Get LED Bulbs: These bulbs last significantly longer than the traditional incandescent bulb and consume substantially less energy. In fact, Energy.gov says they utilize up to 75% less power than incandescent bulbs while lasting roughly 25 times longer! Replace the old bulbs in your house with LED lights to lower your energy bills, reduce your household emissions, and reduce the number of times in a given year that you need to trash a dead bulb.
Insulate Your Pipes: This is a valuable tip for those of us who like spending just a few extra minutes in a hot shower. Adding insulation to the pipes that convey your hot water is a great way to keep that water warm without burning more natural gas than is necessary. You’ll see the difference in your water and gas bills.
5. Choose a Carbon-Lite Lifestyle
There are also things you can do in your everyday life to tilt the scales of carbon consumption in favor of the earth (and your wallet). We recognize that for most Americans, it may not be possible or realistic to achieve an entirely carbon-neutral lifestyle. Many of us still must heat our homes, drive to work, and run major household appliances. But it may be possible to make more conscious decisions as you do things like shop, exercise, and maintain your home.
Drive Less: Cars are a major source of carbon emissions. While we could certainly endorse the purchase of an electric car, a bike would be a lot more affordable and more environmentally friendly. We’re not suggesting that you get rid of your car. But you may want to offset your use by walking or cycling to more places when possible. Every trip you take to the post office, a nearby doctor’s appointment, or a friend’s house by bicycle could save you a few dollars without spewing a molecule of waste into the air.
Conduct Transactions Online: Another great way to reduce carbon emissions is to stay home when you can. We’re not suggesting you should become a shut-in. I think we’ve all experienced quite enough of that during the pandemic. But we are suggesting more online engagement when appropriate. The internet creates a growing set of opportunities to complete transactions and conduct business without ever leaving the house. If you can telecommute to a health appointment, make a bank deposit online, or conduct a business meeting through Zoom instead of hopping in your car and meeting face to face, you’re saving on gas and altogether eliminating certain activities with measurable carbon output.
Mow Your Lawn Manually: Suburban lawn care is another major source for carbon emissions that could be offset with a bit more personal work on your part. As long as your yard isn’t the size of a football field, you could replace the riding mower with a manual push mower. The only cost to keep it running is the occasional blade replacement. And instead of inhaling diesel fumes while you work, all you’ll smell is the freshly cut grass. If you’re feeling particularly ambitious, you could even consider replacing your lawn, or significant portions of it, with a vegetable garden, a xeriscape or a small grove of native trees. Any one of these options would do far more to improve the air quality and carbon balance in your neighborhood than the ever-popular but ecologically pointless lawn of non-native grass.
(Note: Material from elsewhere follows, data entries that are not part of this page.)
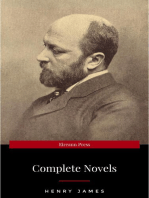 The Complete Novels of Henry James - All 24 Books in One Edition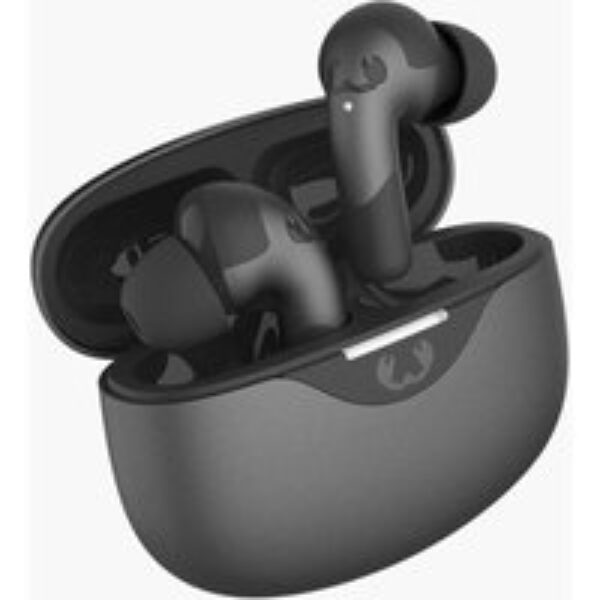 FRESH N REBEL Twins Ace Wireless Bluetooth Noise-Cancelling Earbuds - Storm grey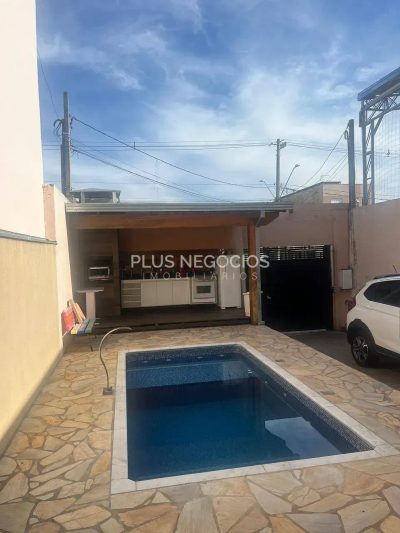 Casa, 3 quartos, 226 m² - Foto 2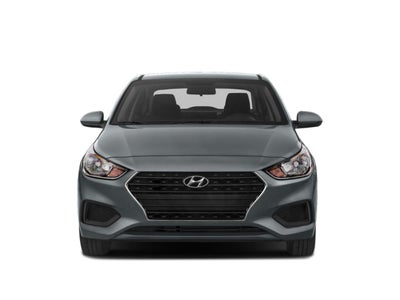 2018 Hyundai ACCENT SE Sedan Auto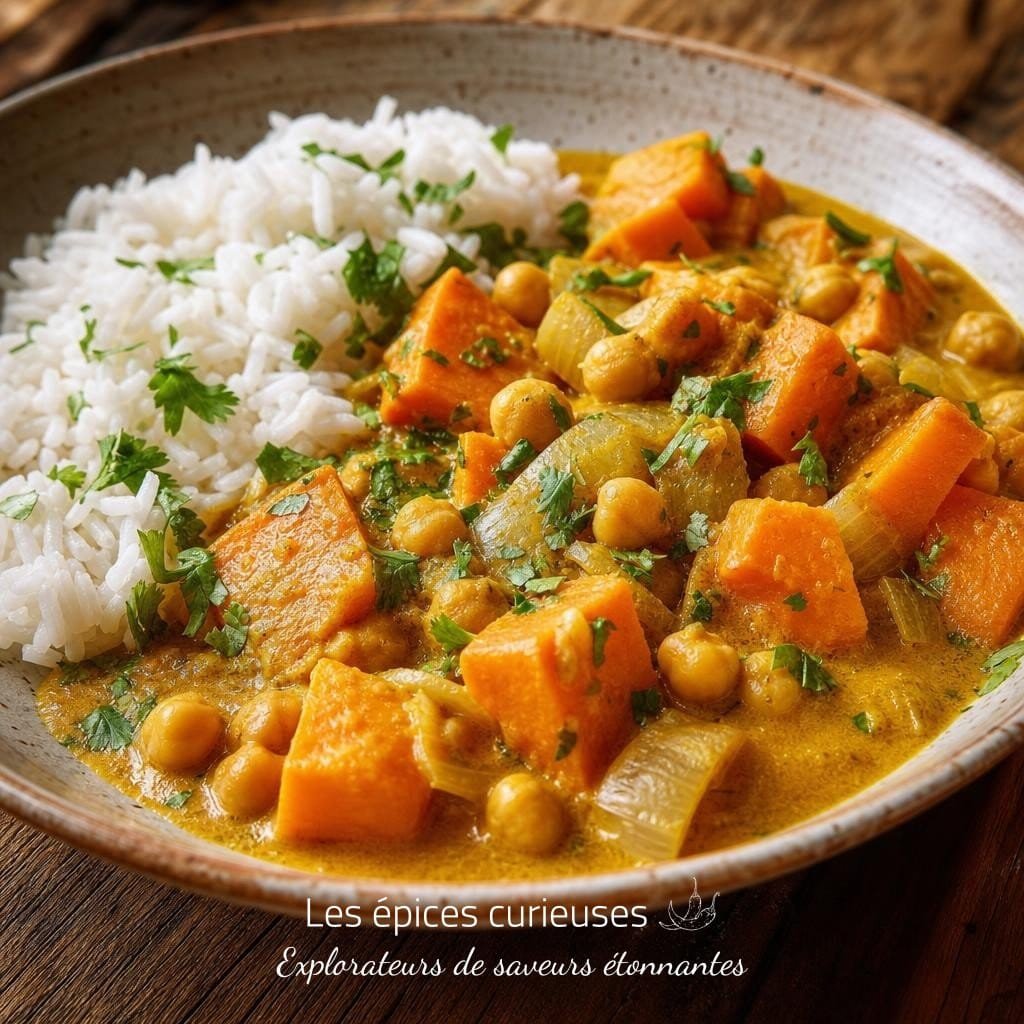 Curry de la Jamaïque - Les Épices Curieuses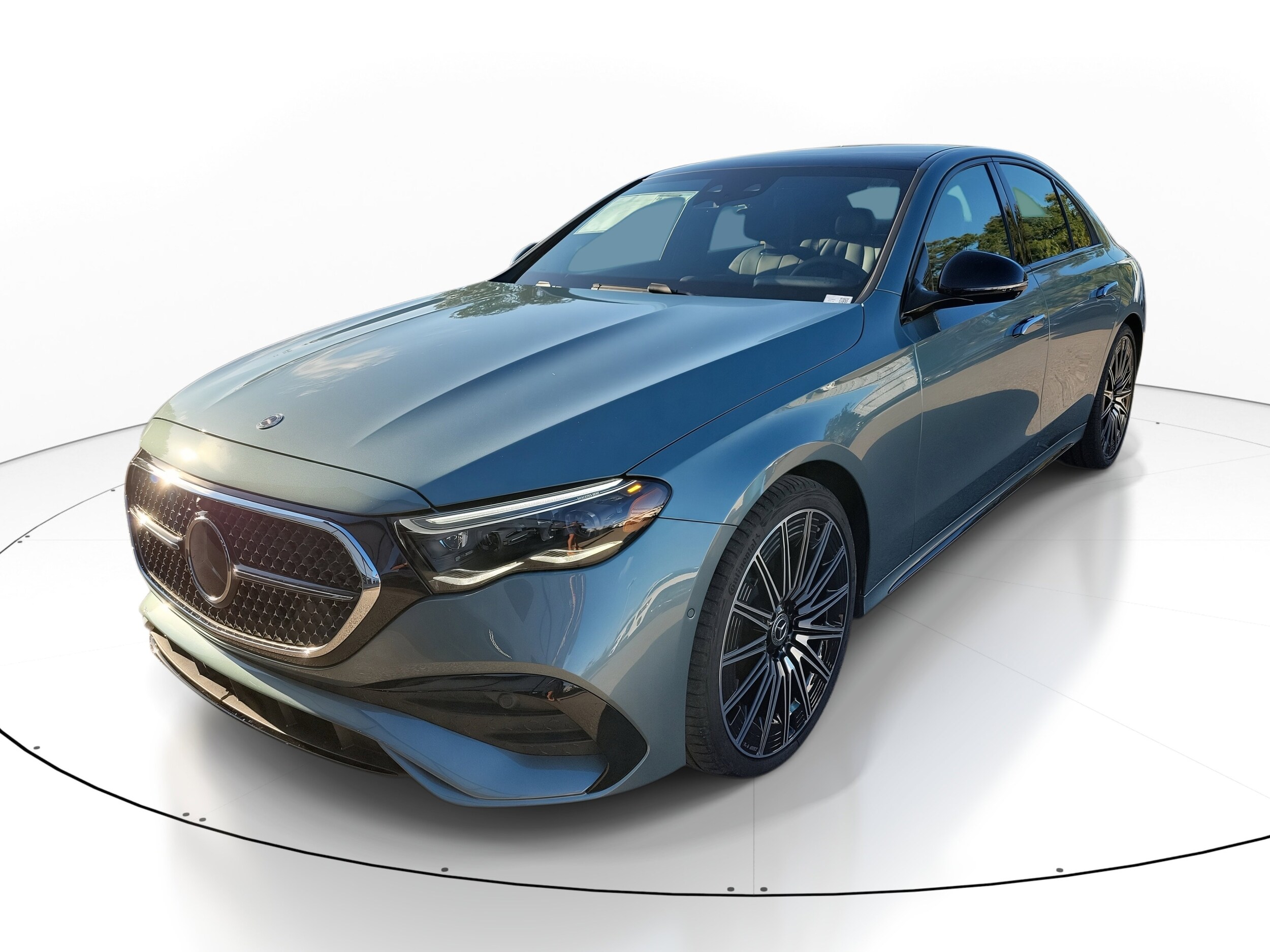 2026 Mercedes Benz E photo 2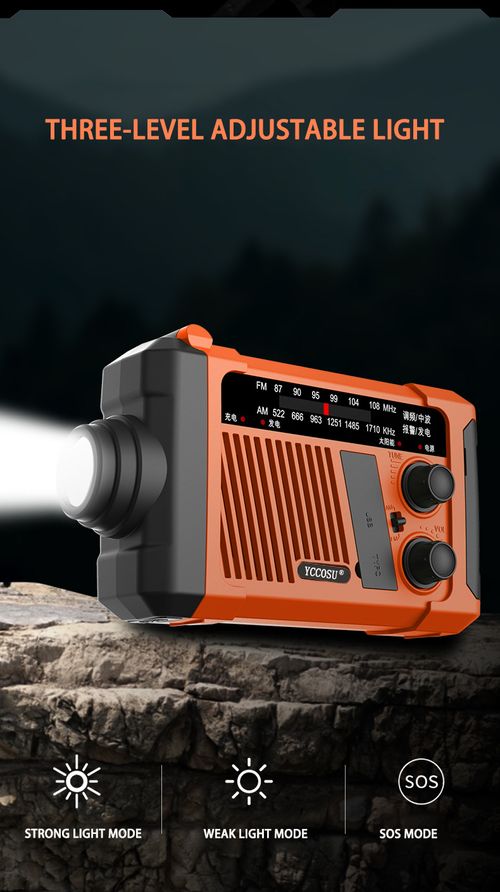 Ghana's Tough Power Bank: Solar + Hand Charging with Radio & Light for Dumsor!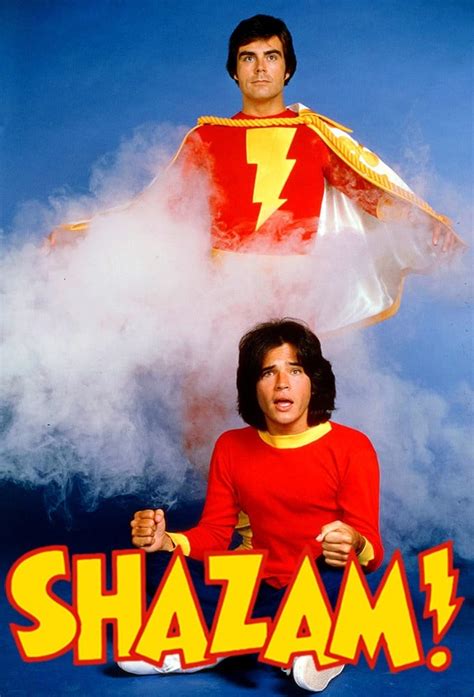 Shazam! (TV Series) - Posters — The Movie Database (TMDb)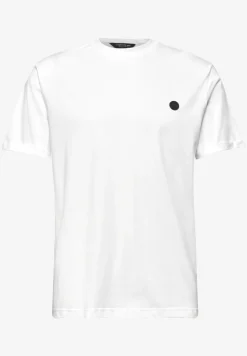 Basic Shirt met omslag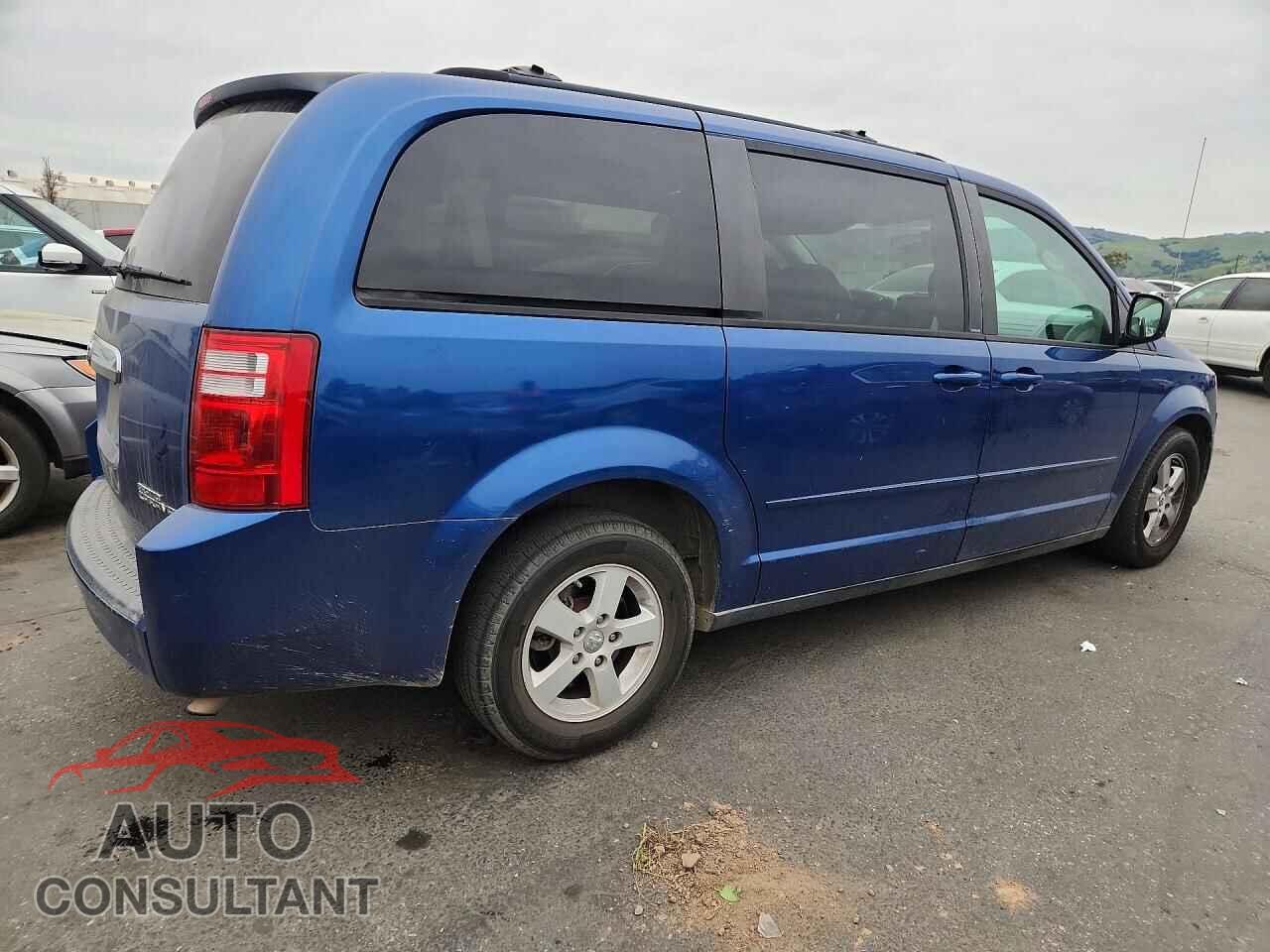 DODGE CARAVAN 2010 - 2D4RN3D12AR475365
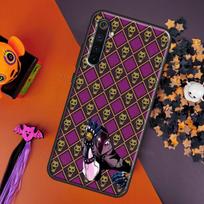 Kira Yoshikage Killer Queen JoJo Case For OPPO A52 A72 A5 A9 A53 A15 Realme GT Neo2 Master 8 Pro 8i 9i OnePlus 10 9 Pro 9R Realme GT(Neo)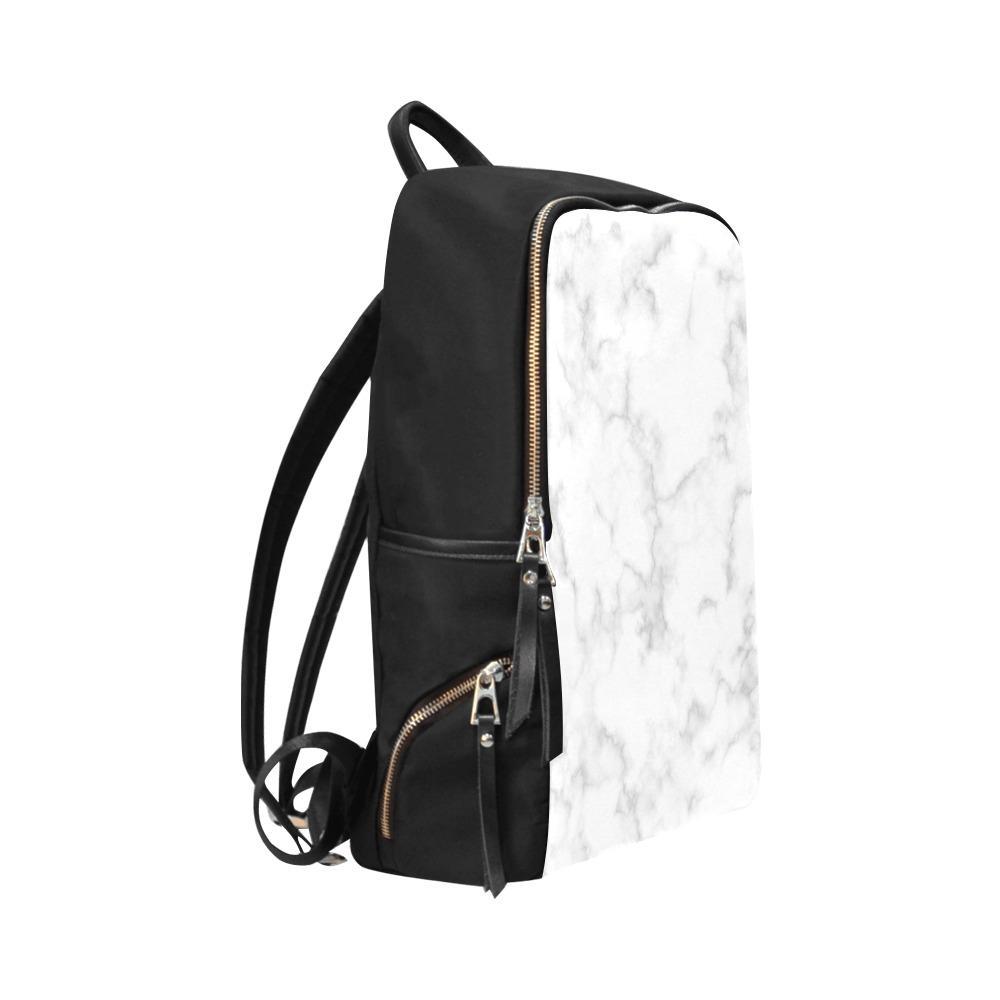 Stylish Backpack-Marble Design | ACES INFINITY
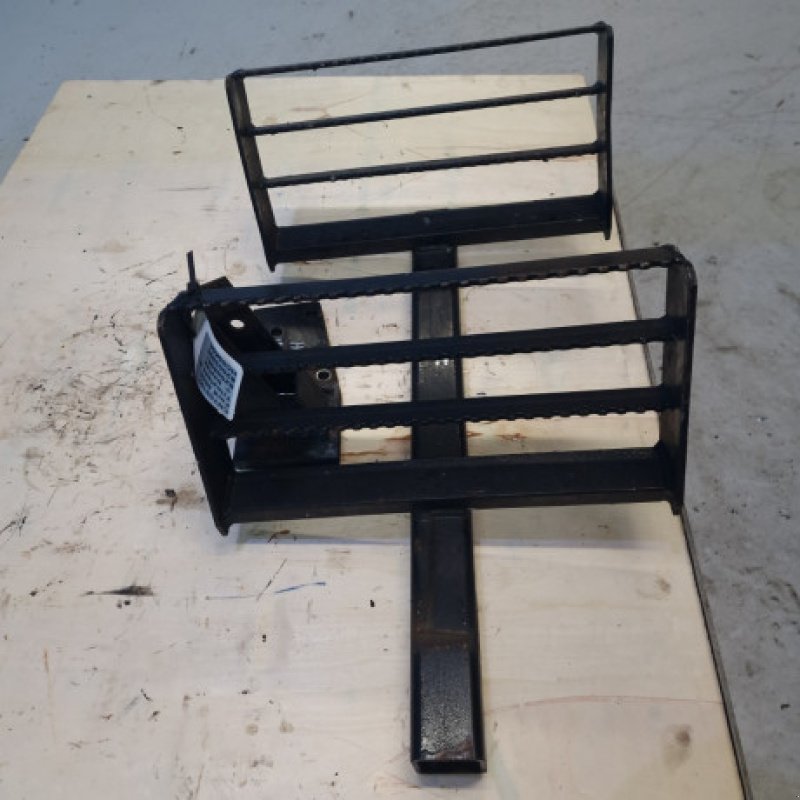 Aufbauten des Typs Ford 6640, Gebrauchtmaschine in Hemmet (Bild 5)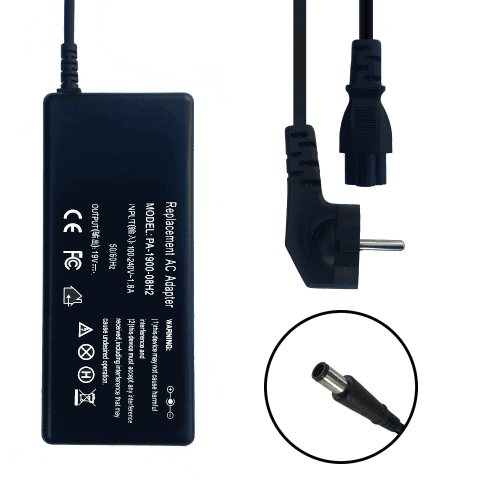 chargeur ordinateur hp compaq pavilion dv7-3020ew - magasin france on Productcaster.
Hopefully, these tips underscore an important fact. Protecting the environment and improving your own financial standing are not at odds. In fact, these are mutually compatible goals. In reality, the decisions you make to live a greener, more sustainable, and more ecologically conscious lifestyle should also deliver you to a more financially stable, sound, and profitable standing. With smart decision making and a little creativity you could both live a more green lifestyle and hold on to more of your hard-earned greenbacks.